Quant à l’affluence habituelle des voyageurs devant les bureaux de l’immigration et au va-et-vient incessant des voitures, bus et camions de marchandises, ils appartiennent à un passé récent.
“Dès qu’il y a des problèmes politiques entre les pays, nous, les populations, sommes affectées alors que nous ne comprenons même pas les raisons de ces problèmes”, témoigne à l’AFP Pierre Sibomana, un commerçant rwandais d’Akanyaru (sud).
– Accusations mutuelles –
Depuis le début de la crise au Burundi en avril 2015, déclenchée par la volonté du président Pierre Nkurunziza de briguer un troisième mandat controversé, les échanges économiques avec le Rwanda voisin ont fortement ralenti.
En cause, la situation au Burundi a grandement affecté l’économie du pays mais elle a également déclenché une crise diplomatique avec le Rwanda: Bujumbura accuse Kigali de soutenir des rebelles qui cherchent à renverser le président Nkurunziza, ce que les autorités rwandaises démentent.
Mi-août, Pascal Nyabenda, qui dirigeait alors le parti au pouvoir au Burundi (CNDD-FDD), allait jusqu’à suggérer que le génocide des Tutsi au Rwanda, en 1994, relevait d’un montage de la communauté internationale.
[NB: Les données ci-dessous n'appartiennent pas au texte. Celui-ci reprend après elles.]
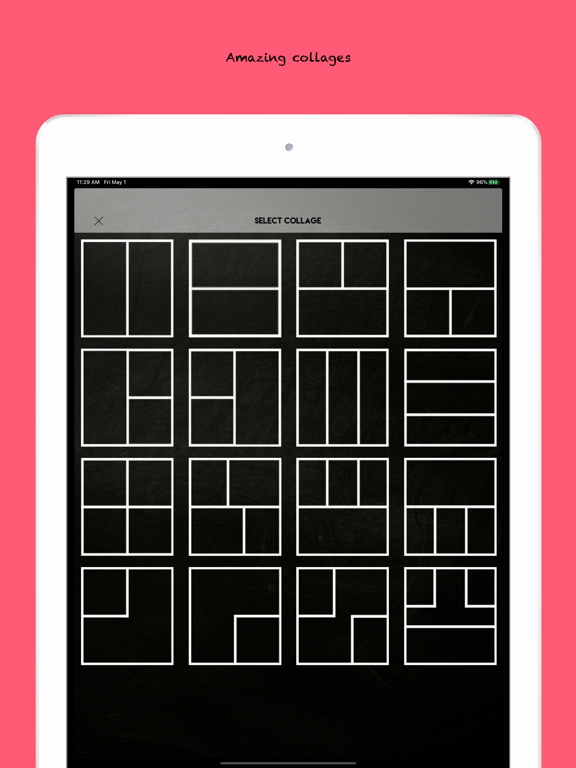 Screenshot #5 pour Pic Collage Wizard Pro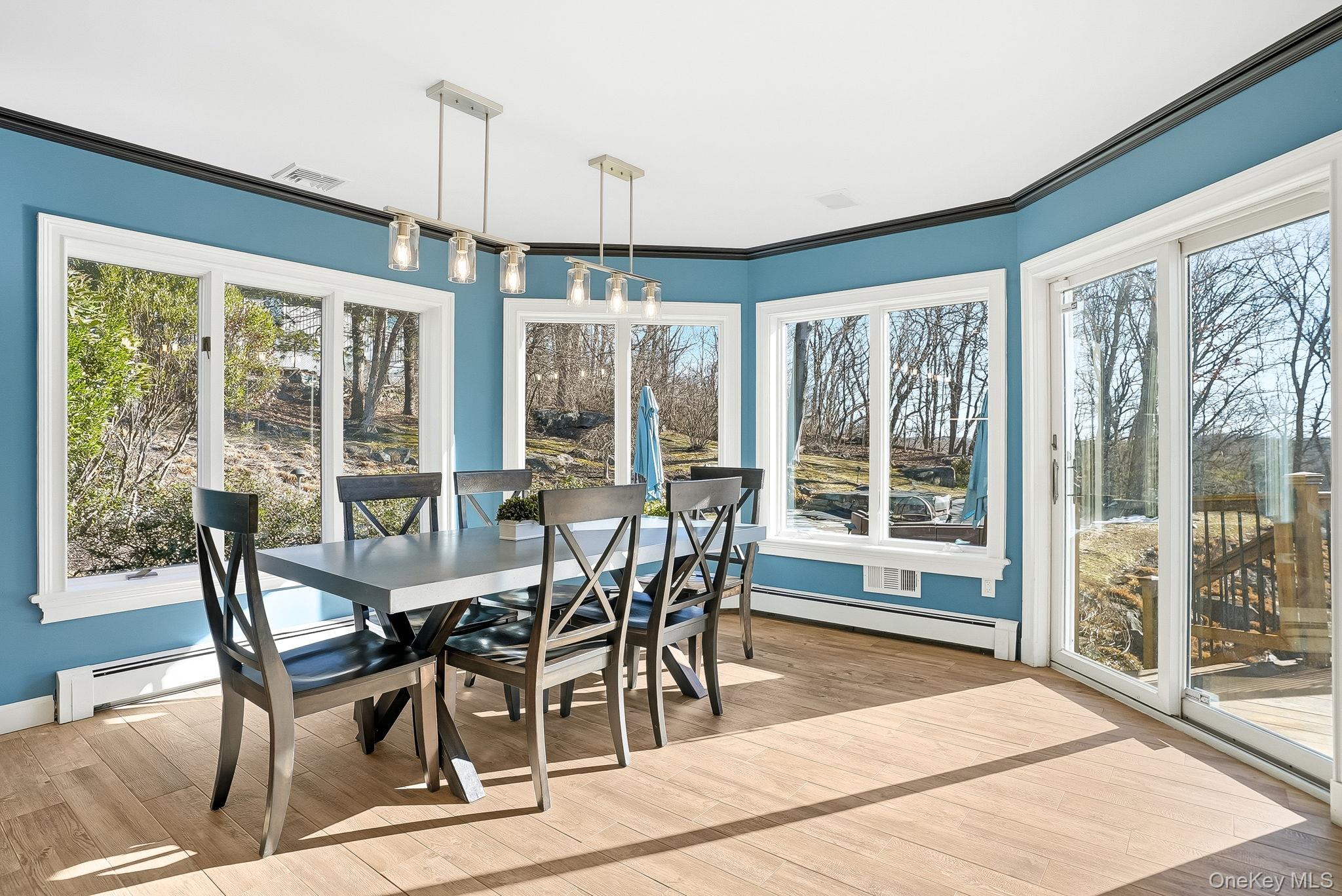 2 Hemlock Rise Armonk, NY 10504 - Photo 16 of 48 Oversized bay windows and glass doors bring in abundant natural light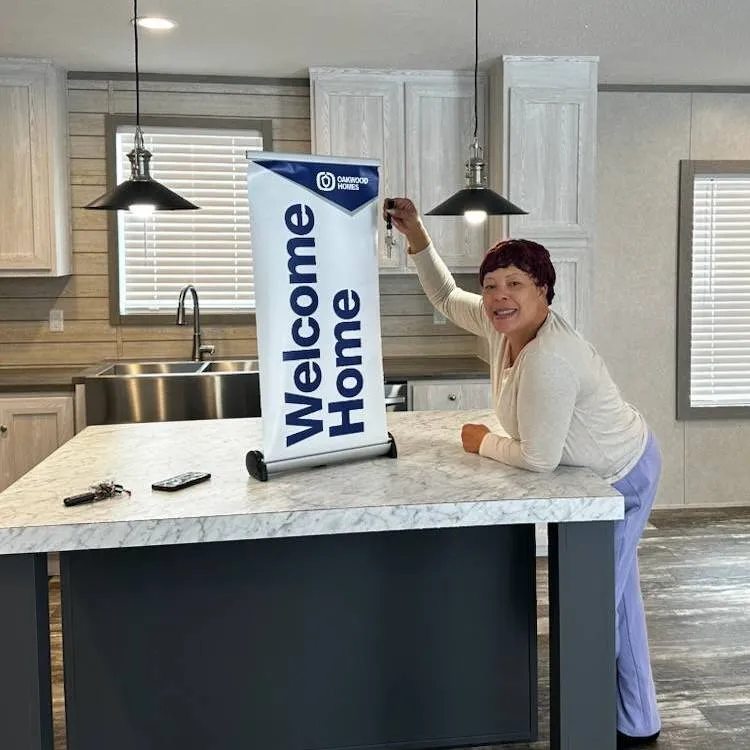 KANEESHA P. welcome home image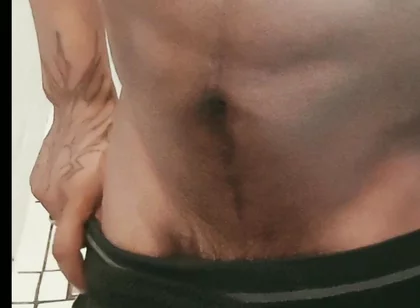 Close-ups Just Before Showering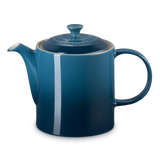 Le Creuset Stoneware Grand Teapot 1.3L - Deep Teal
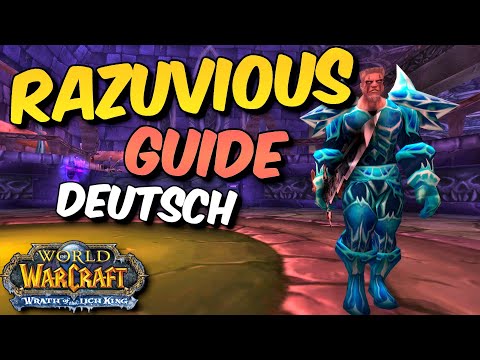 Razuvious in 50 Sekunden | Naxxramas Boss Guide | Wotlk Classic (Deutsch)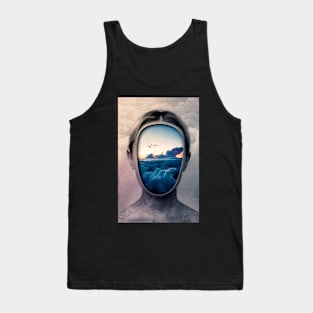 Cloud Portal Tank Top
De son côté, Kigali accuse le pouvoir burundais de collusion avec les FDLR, un groupe rebelle hutu installé dans l’est de la République démocratique du Congo depuis la fin du génocide rwandais.
Dernier épisode en date de cette guerre froide au coeur des Grands Lacs, Bujumbura a décidé fin juillet de suspendre ses exportations de produits alimentaires vers les pays frontaliers, dont le Rwanda. Officiellement, le Burundi dit craindre une pénurie due à la sécheresse.
Dans la foulée, ce sont les bus de passagers qui se sont vu interdire la traversée de la frontière, la police burundaise mettant en avant des raisons de sécurité.
En théorie, les produits rwandais peuvent toujours être exportés vers le Burundi mais au prix de nombreuses difficultés, ce qui a refroidi plus d’un commerçant.
– Chasse aux ‘infiltrés’ –
“Au Burundi, si l’on voit que tu es Rwandais, la police ou des Burundais t’insultent”, explique Judith, une vendeuse de thé de 47 ans qui dit préférer s’exprimer en kiswahili – langue véhiculaire utilisée dans plusieurs pays de la région – au lieu du kinyarwanda – la langue locale au Rwanda – afin de brouiller les pistes lorsqu’elle se trouve au Burundi.
De plus, “lorsque j’amène du thé rwandais, on me fait payer de la corruption (sic), car on dit qu’il y a suffisamment de thé au Burundi”, tempête-t-elle, sous couvert d’anonymat par crainte de représailles une fois la frontière passée.
Depuis le début de la crise, de nombreux Rwandais accusés d’être des “infiltrés” ont été arrêtés et détenus par la Documentation, les tristement célèbres services de renseignements burundais. Selon François Kanimba, le ministre rwandais du Commerce qui s’exprimait devant la presse début août, le volume des exportations du Rwanda au Burundi a baissé de 40% sur l’année budgétaire 2014-2015.
Le Rwanda importe surtout des fruits et légumes du Burundi, réputés moins chers, ainsi que de l’huile de palme et des “ndagara”, des petits poissons du lac Tanganyika. En raison de la baisse de l’offre et des produits importés illégalement, les prix de certaines denrées ont augmenté et parfois doublé sur les marchés, selon des commerçants de Kigali.
Les autorités rwandaises ont jugé “illégales” les récentes décisions du Burundi estimant qu’elles contreviennent au protocole sur le marché commun de la communauté des Etats d’Afrique de l’Est (EAC), tout en martelant que leurs effets négatifs se font beaucoup plus sentir au Burundi qu’au Rwanda.